My mapping looks like this:
{
"settings": {
"index.queries.cache.enabled": true,
"index.number_of_shards": 1,
"index.number_of_replicas": 2,
"analysis": {
"filter": {
"german_stop": {
"type": "stop",
"stopwords": "_german_"
},
"german_stemmer": {
"type": "stemmer",
"language": "light_german"
},
"synonym": {
"type": "synonym_graph",
"synonyms_path": "dictionaries/de/synonyms.txt",
"updateable" : true
}
},
"analyzer": {
"index_analyzer": {
"type": "custom",
"tokenizer": "standard",
"filter": [
"lowercase",
"german_stop",
"german_normalization",
"german_stemmer"
]
},
"search_analyzer": {
"type": "custom",
"tokenizer": "standard",
"filter": [
"lowercase",
"synonym",
"german_stop",
"german_normalization",
"german_stemmer"
]
}
}
}
},
"mappings": {
"properties": {
"name": {
"type": "text",
"analyzer": "index_analyzer",
"search_analyzer": "search_analyzer"
},
"description": {
"type": "text",
"analyzer": "index_analyzer",
"search_analyzer": "search_analyzer"
},
"items": {
"type": "nested",
"properties": {
"color": {
"type": "text",
"analyzer": "index_analyzer",
"search_analyzer": "search_analyzer"
},
"size": {
"type": "text",
"analyzer": "index_analyzer",
"search_analyzer": "search_analyzer"
}
}
}
}
}
}
Please ignore the fact that I'm using german stop words and such. I kept the example files above in english so that everyone can understand it but didn't adjust the mapping as the original example is in german.
So ideally what I want my query to look like is this:
{
"query": {
"nested": {
"path": "items",
"query": {
"multi_match": {
"query": "pants stripes blue 38",
"fields": [
"name",
"description",
"items.color",
"items.size"
],
"type": "cross_fields",
"operator": "and",
"auto_generate_synonyms_phrase_query": "false",
"fuzzy_transpositions": "false"
}
}
}
}
}
And the Search Profiler from Kibana show that the query will be executed like this:
ToParentBlockJoinQuery (
+(
+(items.color:pant | items.size:pant | name:pant | description:pant)
+(items.color:strip | items.size:strip | name:strip | description:strip)
+(items.color:blu | items.size:blu | name:blu | description:blu)
+(items.color:38 | items.size:38 | name:38 | description:38)
) #_type:__items)
Which looks to be exactly what I need in terms of AND and OR logic. Search through every attribute with every term and connect those results with AND. So every search term needs to be in one of the fields but it doesn't matter in which it was found.
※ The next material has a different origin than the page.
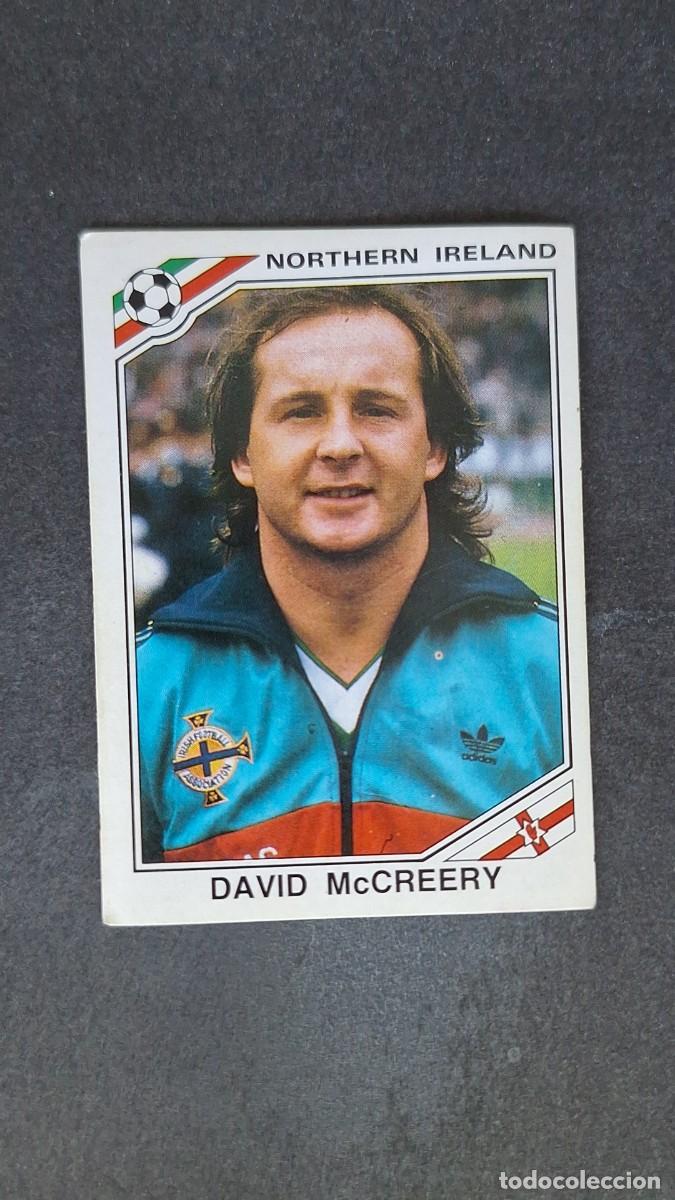 Cromos de F&uacute;tbol: L3 DAVID McCREERY SELECCION IRLANDA DEL NORTE 283 MUNDIAL MEXICO 86 PANINI NUNCA PEGADO SIN PEGAR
But this query seems to only search inside the nested documents. In fact it seems like each query can only search through nested objects or the root document. Not both at the same time. If I remove the nested part the Search Profiler shows the difference:
{
"query": {
"multi_match": {
"query": "pants stripes blue 38",
"fields": [
"name",
"description",
"items.color",
"items.size"
],
"type": "cross_fields",
"operator": "and",
"auto_generate_synonyms_phrase_query": "false",
"fuzzy_transpositions": "false"
}
}
}
Results in:
+(
+(items.color:pant | items.size:pant | name:pant | description:pant)
+(items.color:strip | items.size:strip | name:strip | description:strip)
+(items.color:blu | items.size:blu | name:blu | description:blu)
+(items.color:38 | items.size:38 | name:38 | description:38)
) #DocValuesFieldExistsQuery [field=_primary_term]
Both queries return zero results.
So my question is if there is a way to make the above query work and to be able to truly search across all defined fields (nested and root doc) within a multi match query on a term by term basis.
I would like to avoid doing any preprocessing to the search terms in order to split them up based on them being in a nested or root document as that has it's own set of challenges. But I do know that this is a solution to my problem.
Edit The original files have a lot more attributes. The root document might have up to 250 fields and each nested document might add another 20-30 fields to it. Because the search terms need to search through lot of the fields (possibly not all) any sort of concatenation of nested and root document attributes to make them "searchable" seems unpractical.
A flattened index might be a practical solution. By that I mean copying all root documents fields to the nested document and only indexing the nested docs. But in this question I would like to know if it also works with nested objects without modifying the original structure.